REQUIREMENT: The records that follow must be transcribed in full, without any change.

Stored entries:
= Beginning of Section =

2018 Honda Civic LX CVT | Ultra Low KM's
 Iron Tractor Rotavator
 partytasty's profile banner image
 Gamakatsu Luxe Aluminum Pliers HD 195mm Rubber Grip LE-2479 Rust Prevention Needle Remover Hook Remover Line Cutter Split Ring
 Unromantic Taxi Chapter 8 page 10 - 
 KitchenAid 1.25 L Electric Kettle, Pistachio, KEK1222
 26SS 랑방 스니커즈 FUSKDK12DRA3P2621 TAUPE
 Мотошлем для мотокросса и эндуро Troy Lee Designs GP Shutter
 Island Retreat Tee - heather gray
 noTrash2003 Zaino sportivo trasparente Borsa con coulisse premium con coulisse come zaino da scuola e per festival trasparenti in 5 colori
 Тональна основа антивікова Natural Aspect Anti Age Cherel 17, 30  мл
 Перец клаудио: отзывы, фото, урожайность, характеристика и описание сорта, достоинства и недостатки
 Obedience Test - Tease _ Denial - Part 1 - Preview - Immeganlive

= End of Section =

RESPONSE AREA:
2018 Honda Civic LX CVT | Ultra Low KM's
 Iron Tractor Rotavator
 partytasty's profile banner image
 Gamakatsu Luxe Aluminum Pliers HD 195mm Rubber Grip LE-2479 Rust Prevention Needle Remover Hook Remover Line Cutter Split Ring
 Unromantic Taxi Chapter 8 page 10 - 
 KitchenAid 1.25 L Electric Kettle, Pistachio, KEK1222
 26SS 랑방 스니커즈 FUSKDK12DRA3P2621 TAUPE
 Мотошлем для мотокросса и эндуро Troy Lee Designs GP Shutter
 Island Retreat Tee - heather gray
 noTrash2003 Zaino sportivo trasparente Borsa con coulisse premium con coulisse come zaino da scuola e per festival trasparenti in 5 colori
 Тональна основа антивікова Natural Aspect Anti Age Cherel 17, 30  мл
 Перец клаудио: отзывы, фото, урожайность, характеристика и описание сорта, достоинства и недостатки
 Obedience Test - Tease _ Denial - Part 1 - Preview - Immeganlive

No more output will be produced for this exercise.